Na descida, Vitor Negrete encontraria a morte. Pareceria estar contrário ao mors certa hora incerta. Seu companheiro Raineri escreve: “Dawa encontrou o Vitor a 8.500 metros, debilitado, com dor no peito, sem as luvas e bastante confuso. Começou a descer, mas estava difícil carregá-lo. Então Dawa acionou Pechumbi, nosso outro sherpa que havia subido do ABC para o acampamento 3 para tentar ajudar. Os dois conseguiram chegar com o Vitor na barraca do 3 à meia noite do dia 18 e continuaram a tentar reanimá-lo, hidratando-o com suco morno, que ele conseguiu beber, e ministrando oxigênio. Porém, ele não resistiu e, às duas horas da madrugada do dia 19 de maio (horário do Nepal), Vitor faleceu”. O pungente depoimento de Raineri ratifica o sentido épico da tragédia. O que o fez ascender as últimas dezenas de metros, solitário e sem tubos de oxigênio, verdadeira temeridade? A leitura do inconsciente será sempre um mistério. Tantos sinais a apontarem  cautela, entre eles o roubo de equipamentos e mantimentos seus e de Raineri da barraca dos alpinistas nesse caminho em direção ao topo, já não seriam suficientes para abortar a investida? A intrepidez fê-lo não desistir. Todos os riscos estavam traçados, faltando apenas a possibilidade da infausta estatística aumentar. Disso Negrete tinha consciência, mas a vontade de ser o primeiro brasileiro a subir ao cume do Everest sem tubo de oxigênio falou mais alto do que o teto do planeta. Atingiu o objetivo, mas o Poder Maior veio buscá-lo.  Em Espírito Livre, os depoimentos finais dos pais de Vitor Negrete, Roma Pytowski e Sílvio Negrete, não seriam a certeza de que o filho cumpriu uma missão, a dimensionar em plano transcendente as inéditas escaladas? São palavras simples, despojadas, que retratam Vitor na essencialidade dos escolhidos.

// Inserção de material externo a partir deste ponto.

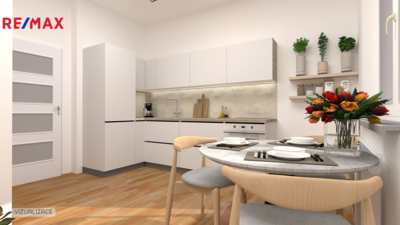 Prodej nemovitostí Brno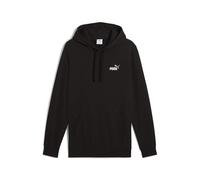 PUMA Herren Kapuzensweat ESS 2 COLOR Small No. 1 Logo Hoodie TR (684719) L PUMA Black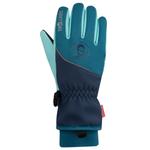 Детские перчатки «Язык Тролля» Trollkids, мультиколор - фото 2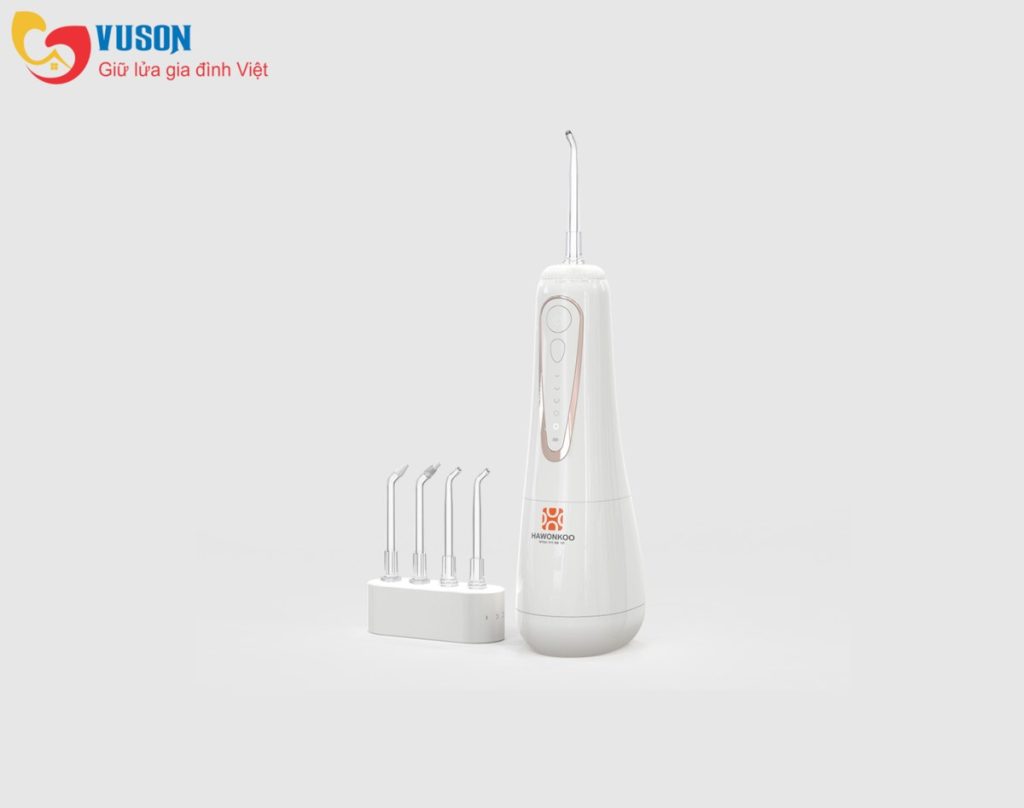 Tăm Nước Hawonkoo WFH-001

Tantos sucumbiram na escalada rumo ao Everest, mormente na descida. Contudo, permanecem na memória os poucos que pereceram como ato inédito. Vitor Negrete será sempre lembrado, e sua morte redentora após missão cumprida é o símbolo do heroísmo autêntico, imaculado. A pedido dos familiares e amigos, os sherpas cobriram seu corpo com  pedras. Permanece nas alturas. Fim supremo para um herói das montanhas.

This post is about the book Espírito Livre (Free Spirit), written by Marina Soler, wife of Vitor Negrete, the Brazilian mountain climber who died on the Everest in 2006. The book tells us about some of his adventures: reaching the top of Mount Aconcagua, the highest peak in South America; summiting the Everest twice; crossing the Trans-Amazonian highway on a bicycle, competing in the Adventure Racing World Championship in New Zealand. As Marina puts it, “climbing was just one of Vitor Negrete’s passions”. In 2006 he reached the summit of Everest without supplementary oxygen, but could not make his way down and died on 19 May at Camp 3. The book is the story of a man endowed with great courage and a generous heart, a hero for his special achievements.